Kimi sırtına astığı boyacı sandığıyla sokak sokak dolaşarak, kimiyse her sabah aynı köşede sandığını kurarak ayakkabı parlatır, temizler, boyar, tamir eder. Bir zamanlar işlerinin çok iyi olduğunu söyleyen ayakkabı boyacıları yıllarını adadıkları bu mesleğin hem ilgisizliğe hem de ekonomik koşullara yenik düştüğünü ifade ediyor. Boyacılar hayat pahalılığı yüzünden müşterilerinin azalmasından ve kullandıkları malzemelere gelen zamlardan dolayı darboğazda. Torbalı Orman Ürünlerinde gece ustabaşılık, gündüz ise Konak Meydanında ayakkabı boyacılığı yapan Ali Demirdöven yaşadığı zorlukları anlattı

“MALİYET YÜKSEK OLUNCA KAZANÇ AZALIYOR”

21 yıldır İzmir’de devlet dairelerinin bulunduğu Konak Meydanı’nda aynı köşede boyacılık yapan Ali Demirdöven de, “Geçmişe bakarsan şimdi işler biraz daha kötü. Her insanın olduğu gibi bizimkisi de kötü. Zengini de etkiliyor, garibi de etkiliyor” dedi.
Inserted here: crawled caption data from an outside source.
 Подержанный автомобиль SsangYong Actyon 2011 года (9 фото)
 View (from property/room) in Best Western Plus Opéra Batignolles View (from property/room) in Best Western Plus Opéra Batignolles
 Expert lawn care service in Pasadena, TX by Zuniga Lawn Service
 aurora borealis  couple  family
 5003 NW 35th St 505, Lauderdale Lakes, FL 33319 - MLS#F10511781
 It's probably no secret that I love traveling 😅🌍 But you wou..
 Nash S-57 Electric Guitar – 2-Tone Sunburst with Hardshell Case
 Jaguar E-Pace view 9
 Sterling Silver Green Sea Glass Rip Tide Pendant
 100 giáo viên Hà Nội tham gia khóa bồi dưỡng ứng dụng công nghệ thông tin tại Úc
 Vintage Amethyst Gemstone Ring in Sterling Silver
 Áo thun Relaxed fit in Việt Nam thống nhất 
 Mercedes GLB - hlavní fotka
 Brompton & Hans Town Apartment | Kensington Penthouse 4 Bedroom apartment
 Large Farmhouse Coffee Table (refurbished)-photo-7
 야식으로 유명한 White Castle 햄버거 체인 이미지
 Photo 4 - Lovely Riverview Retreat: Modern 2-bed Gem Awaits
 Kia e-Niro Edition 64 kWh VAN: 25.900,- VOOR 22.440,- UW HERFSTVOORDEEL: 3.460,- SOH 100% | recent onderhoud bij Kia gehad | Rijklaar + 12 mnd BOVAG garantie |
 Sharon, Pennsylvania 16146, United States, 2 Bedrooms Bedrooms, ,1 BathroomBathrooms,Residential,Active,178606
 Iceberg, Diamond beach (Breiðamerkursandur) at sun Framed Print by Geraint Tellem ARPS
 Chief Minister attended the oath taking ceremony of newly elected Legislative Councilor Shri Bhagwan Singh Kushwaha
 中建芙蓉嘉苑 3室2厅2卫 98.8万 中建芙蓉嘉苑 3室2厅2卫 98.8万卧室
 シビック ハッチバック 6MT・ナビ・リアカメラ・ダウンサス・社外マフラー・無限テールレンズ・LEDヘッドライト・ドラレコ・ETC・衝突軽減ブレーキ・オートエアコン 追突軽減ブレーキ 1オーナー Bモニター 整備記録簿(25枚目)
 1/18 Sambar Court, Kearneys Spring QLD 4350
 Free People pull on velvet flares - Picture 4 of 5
Demirdöven maliyetleri arttıkça kazançlarının azaldığını söyleyerek, “Şimdi Nuri Leflef dediğimiz boyanın kutusu 40 lira. Ben 2,5 liraya aldığım bağı 5 liraya satıyordum. Şimdi bağ direkt 7,5 lira oldu, 10 liraya satmak zorundayım. Misal şu ortopedik keçeyi 5 liraya alıyordum, 10 liraya satıyordum. Şimdi 13 liraya alıyorsun, 15 liraya satıyorsun. Bir müşteriden 10 lira, 20 lira para kazanacağım diye bir durum kalmadı. Maliyet yüksek olunca, kazanç azalıyor” diye konuştu.

Malzemelerine ardı ardına zamlar geldiği için maliyetlerini müşterilere yansıtmakta da sıkıntı çektiklerini kaydeden Demirdöven, “Her gün fiyatlar değişiyor. Malzemeyi alırken, adam önce direkt eline telefonu alıyor, internetten döviz kuruna bakıyor. Kullandığımız ürünler petrol ürünü. O yüzden sürekli zamlanıyor. Şimdi müşteriye 10 lira diyorsun, adam diyor ‘7,5 olmaz mı?’ Ayakkabı boyatmak zevk işidir. Mecburiyeti geç, zevk işidir ayakkabı boyatmak” dedi.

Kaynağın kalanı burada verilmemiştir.